*About this task*. Each entry should be restated word for word, with all pictures left out.

*Provided records*.
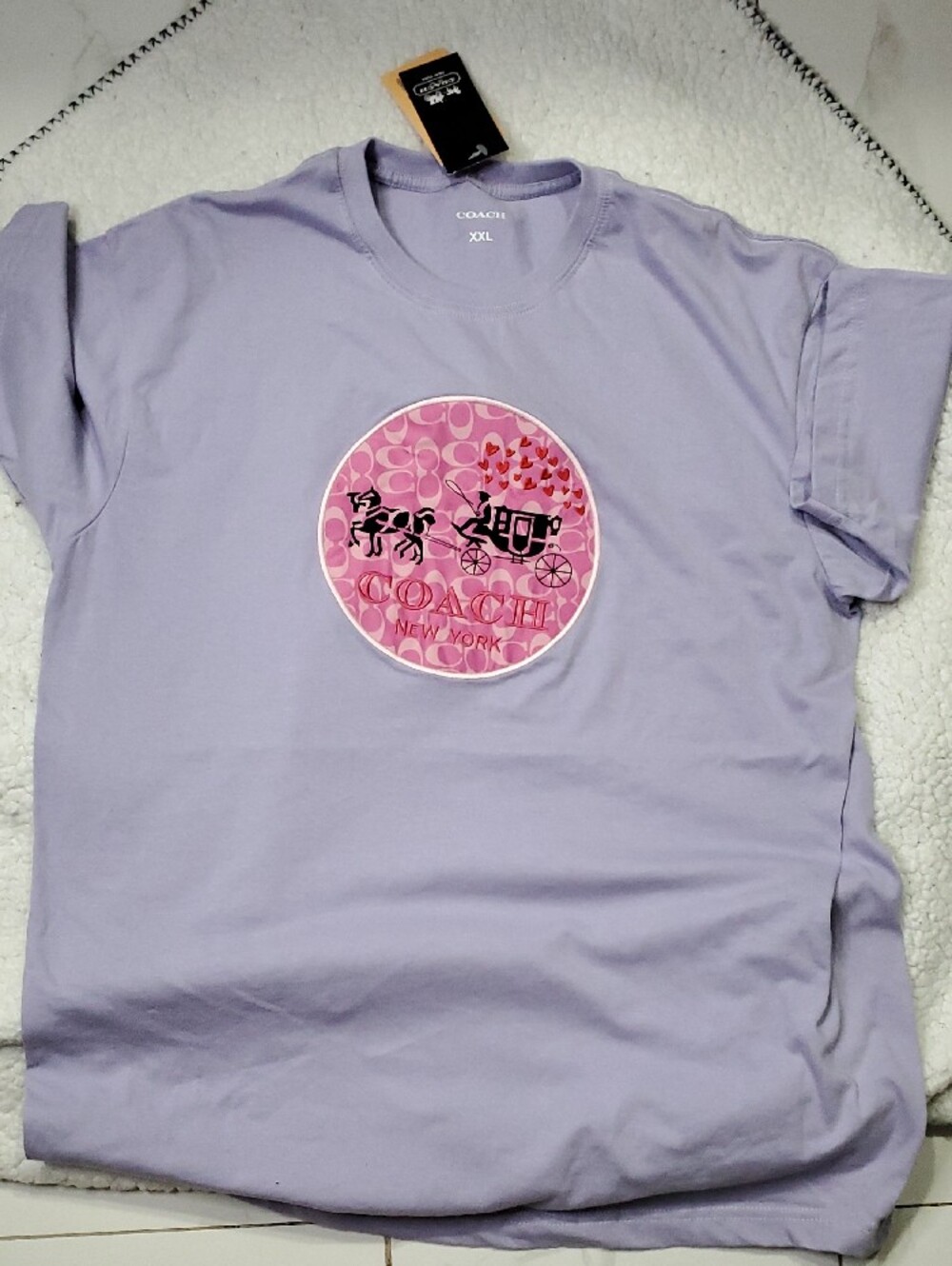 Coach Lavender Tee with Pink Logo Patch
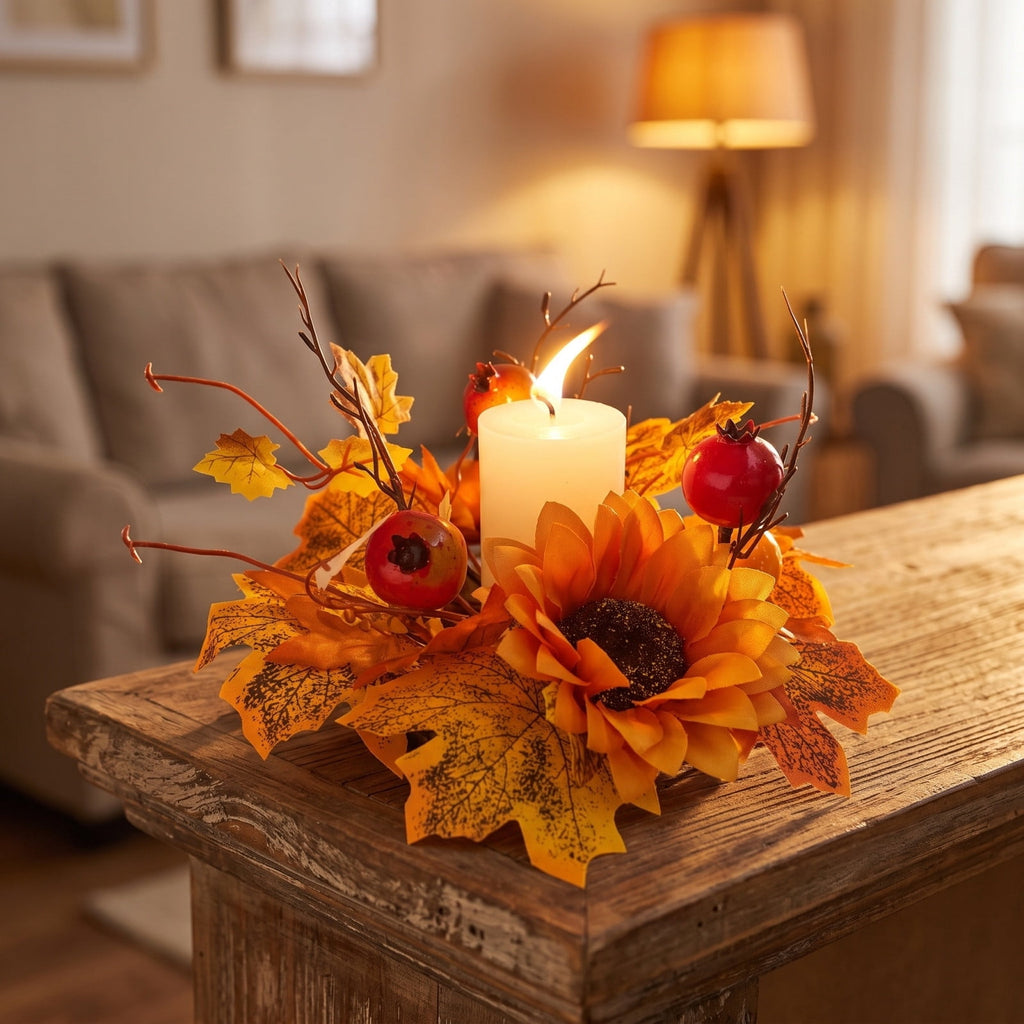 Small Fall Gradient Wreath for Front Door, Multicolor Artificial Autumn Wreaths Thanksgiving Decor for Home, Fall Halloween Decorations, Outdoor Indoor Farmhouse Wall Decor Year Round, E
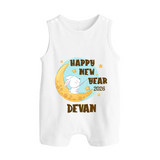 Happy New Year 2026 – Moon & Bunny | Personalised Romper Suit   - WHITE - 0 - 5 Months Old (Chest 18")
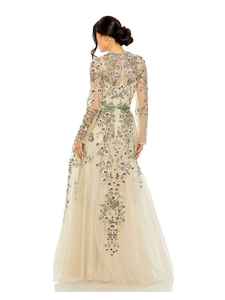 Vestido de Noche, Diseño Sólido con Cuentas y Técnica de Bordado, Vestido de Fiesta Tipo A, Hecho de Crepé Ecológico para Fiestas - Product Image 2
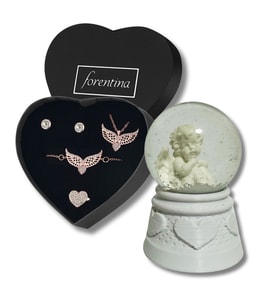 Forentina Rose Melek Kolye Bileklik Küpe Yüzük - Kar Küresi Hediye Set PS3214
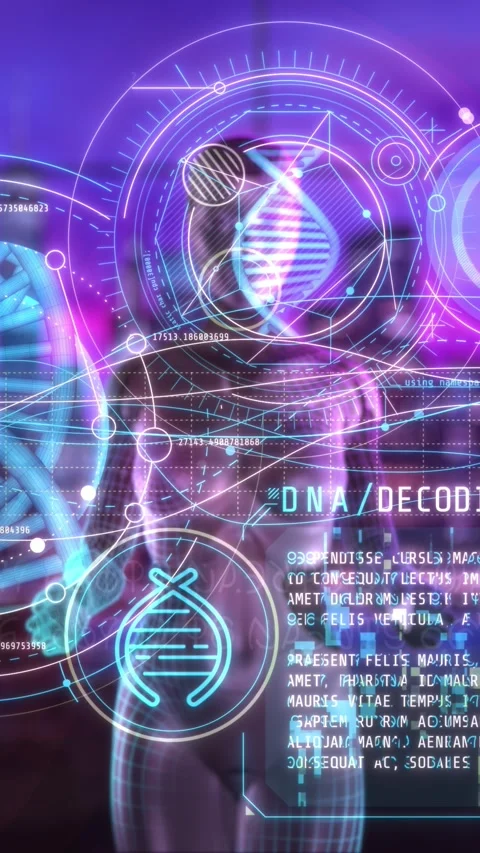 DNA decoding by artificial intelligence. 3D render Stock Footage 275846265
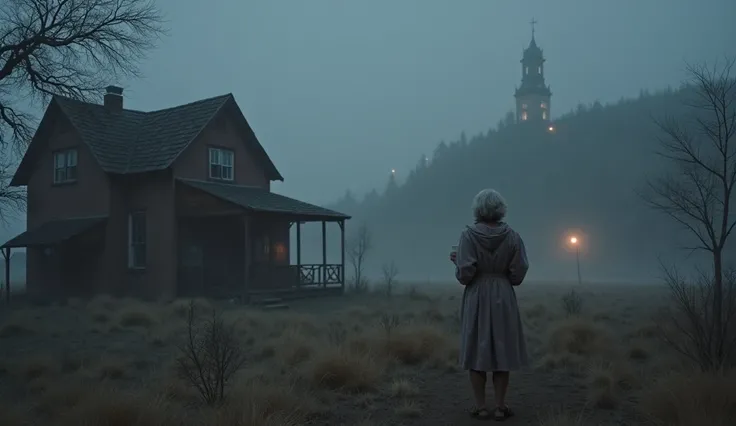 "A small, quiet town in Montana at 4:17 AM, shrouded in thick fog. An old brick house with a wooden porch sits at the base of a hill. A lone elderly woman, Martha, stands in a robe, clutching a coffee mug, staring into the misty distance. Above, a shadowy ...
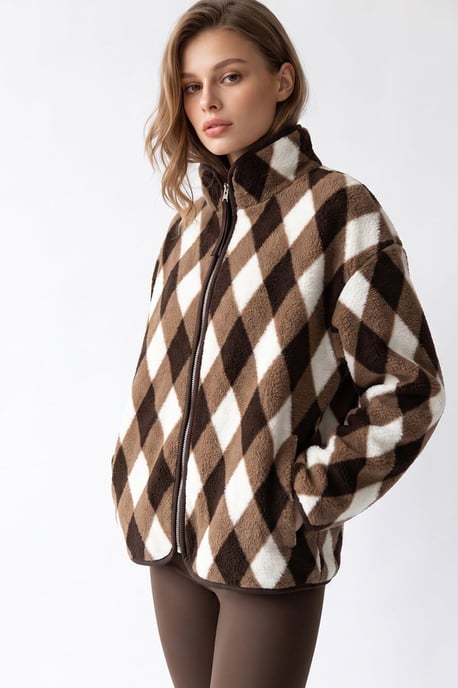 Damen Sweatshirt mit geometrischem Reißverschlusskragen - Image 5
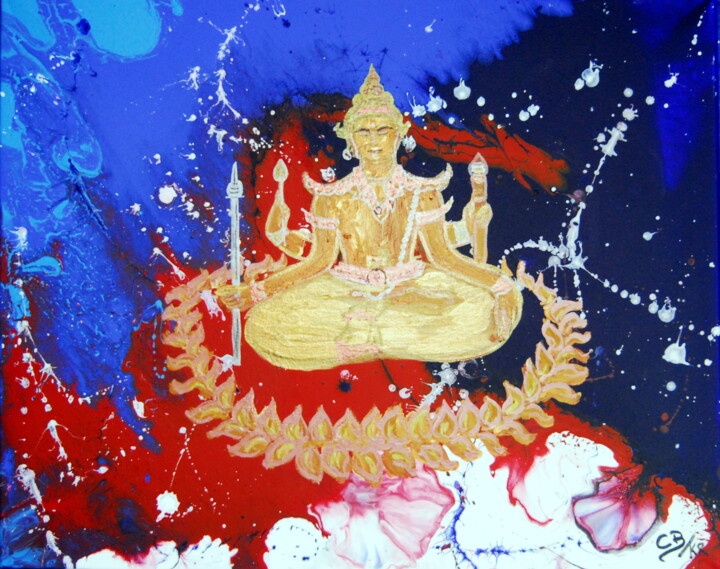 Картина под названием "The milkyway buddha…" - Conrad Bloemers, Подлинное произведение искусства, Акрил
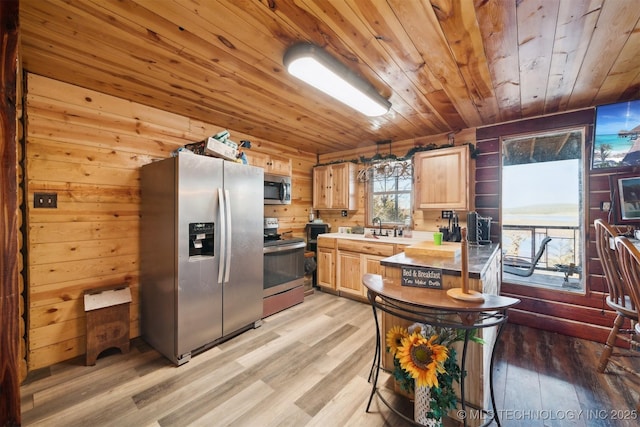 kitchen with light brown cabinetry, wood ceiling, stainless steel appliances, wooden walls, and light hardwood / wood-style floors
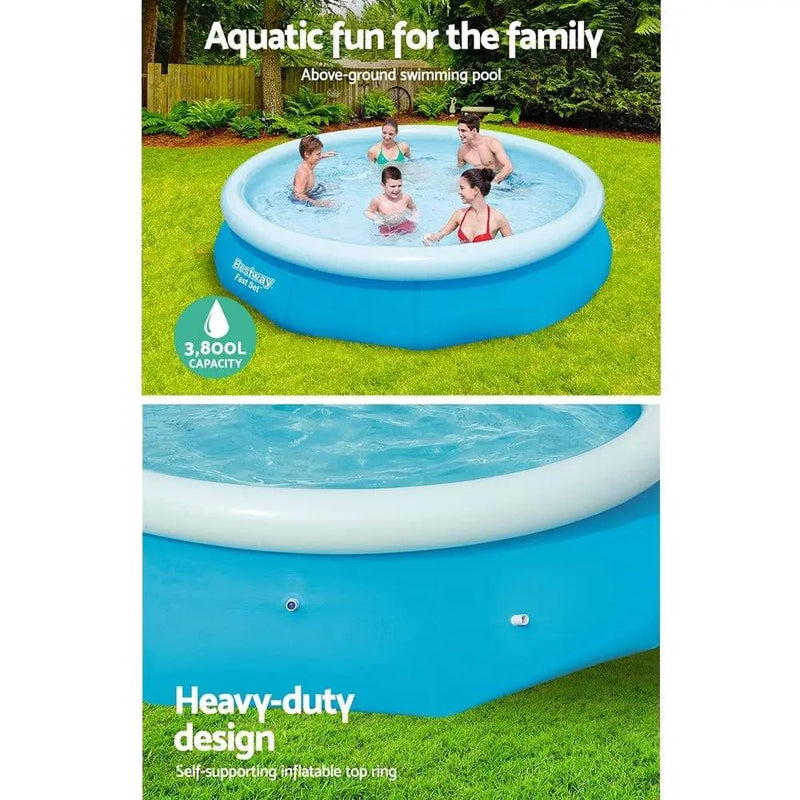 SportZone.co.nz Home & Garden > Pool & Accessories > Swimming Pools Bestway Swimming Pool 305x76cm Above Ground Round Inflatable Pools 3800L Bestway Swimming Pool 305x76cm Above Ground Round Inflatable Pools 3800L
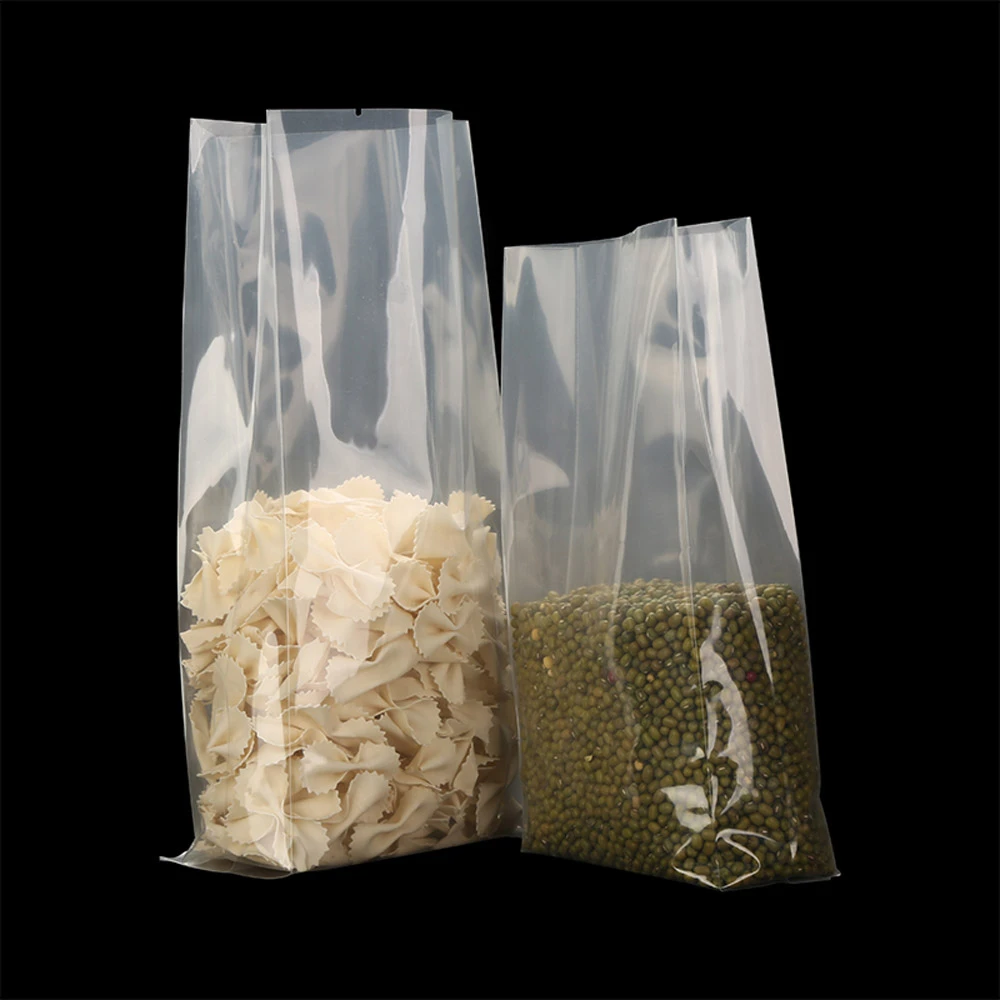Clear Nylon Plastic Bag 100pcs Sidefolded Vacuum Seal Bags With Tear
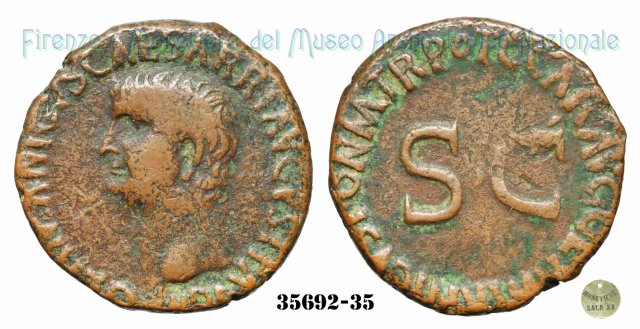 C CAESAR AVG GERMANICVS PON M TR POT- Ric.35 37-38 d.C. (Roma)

*Written answer*.
 Coach Lavender Tee with Pink Logo Patch
 Small Fall Gradient Wreath for Front Door, Multicolor Artificial Autumn Wreaths Thanksgiving Decor for Home, Fall Halloween Decorations, Outdoor Indoor Farmhouse Wall Decor Year Round, E
 Happy New Year 2026 – Moon & Bunny | Personalised Romper Suit   - WHITE - 0 - 5 Months Old (Chest 18")
 Vestido de Noche, Diseño Sólido con Cuentas y Técnica de Bordado, Vestido de Fiesta Tipo A, Hecho de Crepé Ecológico para Fiestas - Product Image 2
 Forentina Rose Melek Kolye Bileklik Küpe Yüzük - Kar Küresi Hediye Set PS3214
 DNA decoding by artificial intelligence. 3D render Stock Footage 275846265
 "A small, quiet town in Montana at 4:17 AM, shrouded in thick fog. An old brick house with a wooden porch sits at the base of a hill. A lone elderly woman, Martha, stands in a robe, clutching a coffee mug, staring into the misty distance. Above, a shadowy ...
 Damen Sweatshirt mit geometrischem Reißverschlusskragen - Image 5
 Картина под названием "The milkyway buddha…" - Conrad Bloemers, Подлинное произведение искусства, Акрил
 kitchen with light brown cabinetry, wood ceiling, stainless steel appliances, wooden walls, and light hardwood / wood-style floors
 SportZone.co.nz Home & Garden > Pool & Accessories > Swimming Pools Bestway Swimming Pool 305x76cm Above Ground Round Inflatable Pools 3800L Bestway Swimming Pool 305x76cm Above Ground Round Inflatable Pools 3800L
Clear Nylon Plastic Bag 100pcs Sidefolded Vacuum Seal Bags With Tear
 C CAESAR AVG GERMANICVS PON M TR POT- Ric.35 37-38 d.C. (Roma)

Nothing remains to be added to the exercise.